--- Source data Enclosed Below ---
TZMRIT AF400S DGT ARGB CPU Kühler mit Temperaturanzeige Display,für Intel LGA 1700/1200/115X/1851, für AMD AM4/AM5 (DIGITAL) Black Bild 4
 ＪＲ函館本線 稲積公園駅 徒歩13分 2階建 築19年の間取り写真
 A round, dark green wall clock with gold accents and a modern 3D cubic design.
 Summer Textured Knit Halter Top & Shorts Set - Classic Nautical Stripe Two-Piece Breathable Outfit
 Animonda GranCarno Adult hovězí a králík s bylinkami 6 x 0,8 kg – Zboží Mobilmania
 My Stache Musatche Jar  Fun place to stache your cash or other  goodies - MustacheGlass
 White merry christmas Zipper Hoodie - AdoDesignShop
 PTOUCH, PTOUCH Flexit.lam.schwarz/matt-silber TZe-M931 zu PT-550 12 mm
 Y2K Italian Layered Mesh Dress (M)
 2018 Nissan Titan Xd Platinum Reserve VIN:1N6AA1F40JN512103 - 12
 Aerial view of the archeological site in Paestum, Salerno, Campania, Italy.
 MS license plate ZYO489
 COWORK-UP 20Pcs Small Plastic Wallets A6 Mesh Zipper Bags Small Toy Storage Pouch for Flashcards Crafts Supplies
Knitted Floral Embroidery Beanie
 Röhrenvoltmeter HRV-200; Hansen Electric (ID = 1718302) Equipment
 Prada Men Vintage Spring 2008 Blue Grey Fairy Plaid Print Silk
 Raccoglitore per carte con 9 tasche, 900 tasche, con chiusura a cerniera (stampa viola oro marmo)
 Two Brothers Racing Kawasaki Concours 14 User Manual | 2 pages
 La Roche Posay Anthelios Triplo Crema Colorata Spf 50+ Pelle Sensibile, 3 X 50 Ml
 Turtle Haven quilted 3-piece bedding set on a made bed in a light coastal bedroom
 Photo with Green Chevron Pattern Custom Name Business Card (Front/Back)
--- End of Enclosed Source data ---
:: Work order ::
The entries are to be duplicated exactly, with nothing changed.

:: Response area ::
TZMRIT AF400S DGT ARGB CPU Kühler mit Temperaturanzeige Display,für Intel LGA 1700/1200/115X/1851, für AMD AM4/AM5 (DIGITAL) Black Bild 4
 ＪＲ函館本線 稲積公園駅 徒歩13分 2階建 築19年の間取り写真
 A round, dark green wall clock with gold accents and a modern 3D cubic design.
 Summer Textured Knit Halter Top & Shorts Set - Classic Nautical Stripe Two-Piece Breathable Outfit
 Animonda GranCarno Adult hovězí a králík s bylinkami 6 x 0,8 kg – Zboží Mobilmania
 My Stache Musatche Jar  Fun place to stache your cash or other  goodies - MustacheGlass
 White merry christmas Zipper Hoodie - AdoDesignShop
 PTOUCH, PTOUCH Flexit.lam.schwarz/matt-silber TZe-M931 zu PT-550 12 mm
 Y2K Italian Layered Mesh Dress (M)
 2018 Nissan Titan Xd Platinum Reserve VIN:1N6AA1F40JN512103 - 12
 Aerial view of the archeological site in Paestum, Salerno, Campania, Italy.
 MS license plate ZYO489
 COWORK-UP 20Pcs Small Plastic Wallets A6 Mesh Zipper Bags Small Toy Storage Pouch for Flashcards Crafts Supplies
Knitted Floral Embroidery Beanie
 Röhrenvoltmeter HRV-200; Hansen Electric (ID = 1718302) Equipment
 Prada Men Vintage Spring 2008 Blue Grey Fairy Plaid Print Silk
 Raccoglitore per carte con 9 tasche, 900 tasche, con chiusura a cerniera (stampa viola oro marmo)
 Two Brothers Racing Kawasaki Concours 14 User Manual | 2 pages
 La Roche Posay Anthelios Triplo Crema Colorata Spf 50+ Pelle Sensibile, 3 X 50 Ml
 Turtle Haven quilted 3-piece bedding set on a made bed in a light coastal bedroom
 Photo with Green Chevron Pattern Custom Name Business Card (Front/Back)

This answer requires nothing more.